JAMESTOWN TO BRUNSWICK COUNTY

JAMESTOWN

In 1606 the king of England, James I, granted a private company of investors the right to establish another colony m Virginia. The London Company hoped to profit from the export of forest products and precious metals.

Three company ships set sail from England in December. After an unusually lengthy voyage, the 104 colonists arrived at the mouth of the Chesapeake Bay in April of 1607. They sailed up the James River (named after their king) in search of a suitable place for a settlement. They chose a small peninsula jutting out into the river some 40 miles inland. The water near the shoreline was deep. Being able to bring their large ships close to shore made unloading easier, but the site was a poor choice overall. Clean drinking water was not available there, and the surrounding land was low, swampy, and a breeding ground for disease.

They named the colony Jamestown. The settlement began under a communal arrangement. The London Company owned all the land, and the settlers were expected to work for the company and for the welfare of the group for a certain number of years.

The conditions were formidable, and provisions brought from England were inadequate. Most of the settlers were English gentlemen from upper-class families and lacked the necessary skills to survive in a wilderness. They were unaccustomed to manual labor, and many believed that such work was beneath them. After building a fort and a few simple structures inside the one-acre enclosure, time and energy were wasted searching for gold, which did not exist in the area. Within six months half the colony had died from disease or starvation.

The arrival of supplies and more settlers from England over the next two years, including the first women, helped only temporarily.

Most of the new settlers were equally ill-suited to the demands of the colony. Food shortages were   persistent problem. Captain John Smith assumed leadership of the colony and imposed strict discipline that included the warning: “He that will not work shall not eat. Smith kept the colony in reasonably good condition until a gunpowder burn forced him to return to England for treatment. 

The winter after Smith’s departure was known as “the starvmg time.” The situation became so desperate that settlers ate weeds and rats to survive. When supply ships arrived in May of 1610, only 60 feeble colonists were left alive. Given the seemingly hopeless situ­ation, the commander of the ships thought it best to load up the colonists and return to England.
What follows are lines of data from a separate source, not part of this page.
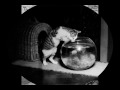 N°124 Diaporama HOMMAGE au photographe Willy RONIS / TRIBUTE to Willy RONIS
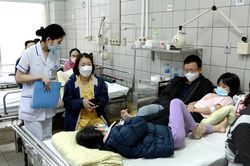 Vụ ngộ độc trường Kim Giang: Do vi khuẩn tụ cầu vàng nhiễm vào thịt gà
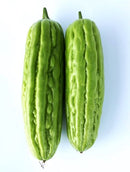OP Bitter Melon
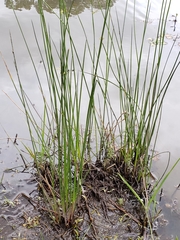 Juncus filiformis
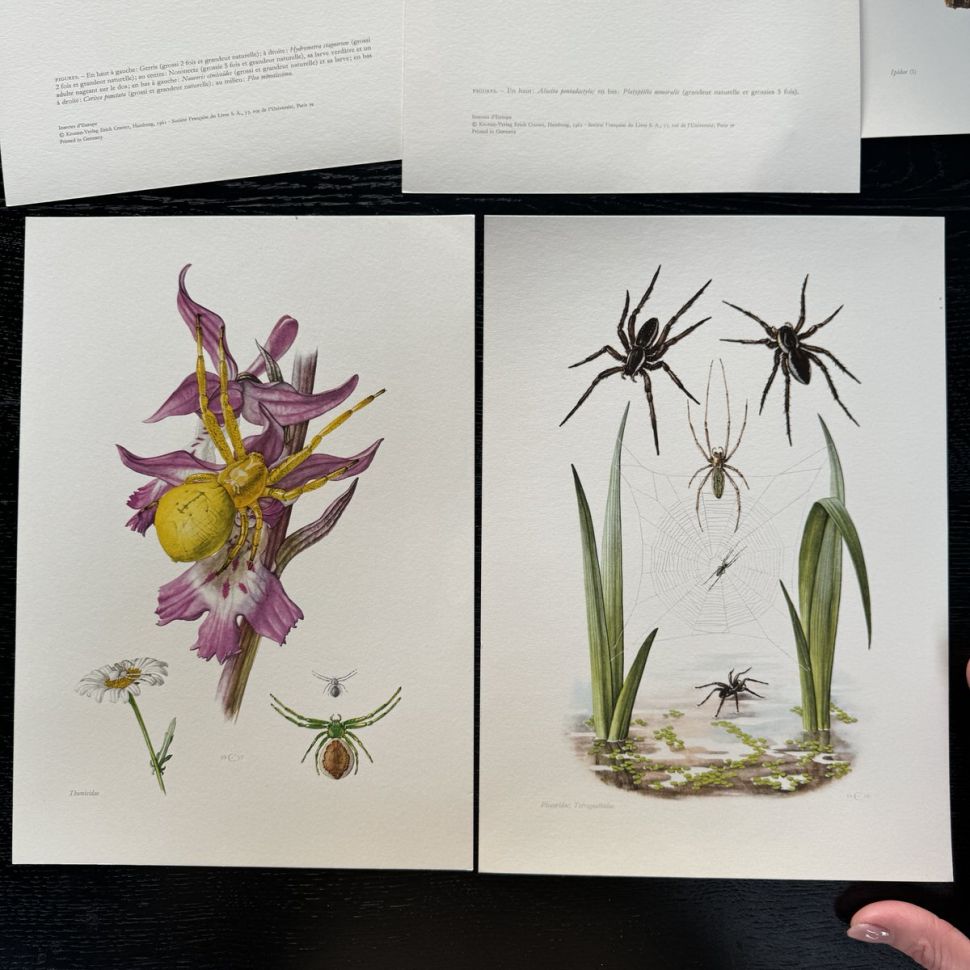 Литография 27х19 см Insectes d'Europe 2 шт стр. 181/185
Before reaching the mouth of the James River they were met by three ships arriving from England with abundant provisions, healthy settlers, and a new leader. The James­town survivors were ordered to tum back and try again with the new arrivals.

Life in Jamestown gradually improved, and other settlements were established nearby. Relations with the Indians were friendly at times and hostile at others. In 1614 one of the colonists, John Rolfe, married Pocahontas, the daughter of the most powerful Indian chief in the area. Their marriage brought temporary peace with the Indians.

Allocating land to the colonists for their private use had a dramatic effect. Settlers worked harder on their own land than they did on land that belonged to the company. Food shortages became a thing of the past. Tobacco also played a major role in establishing the colony. The plant grew well in Virginia, and the demand for tobacco in England gave Jamestown its first cash crop.

It took years for the colony to become secure, but Jamestown continued and took its place in history as the first permanent English settlement in America.

In 1619 representative government was introduced when delegates from Jamestown and the surrounding settlements met to make laws for the entire Virginia colony. Their assembly, known as the House of Burgesses, was the first legislature of elected representatives in the New World.

As for Pocahontas – in 1616 she and her husband and their infant son sailed to England where she was a celebrated visitor. The following year, just as the family was setting out on the return voyage to America, Pocahontas became seriously ill and died at the age of 22. She was buried in England.